ACTION ITEM
Repeat everything in the data exactly except images.

INFORMATION SUPPLIED
Content starts

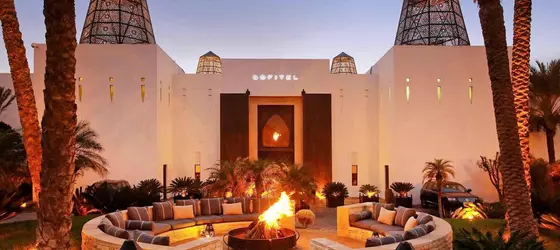 Sofitel Agadir Royalbay Resort | Agadir - Agadir Körfezi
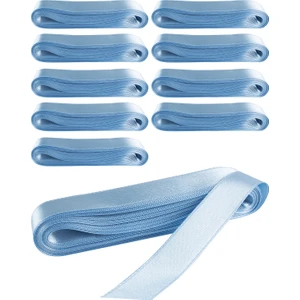 Kına Atölyesi Saten Kurdela 2cm 10MT 10 'lu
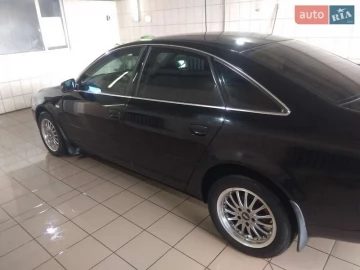 Авто Audi A6 2004 № 7342470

Content ends

TASK SOLUTION
 Sofitel Agadir Royalbay Resort | Agadir - Agadir Körfezi
 Kına Atölyesi Saten Kurdela 2cm 10MT 10 'lu
 Авто Audi A6 2004 № 7342470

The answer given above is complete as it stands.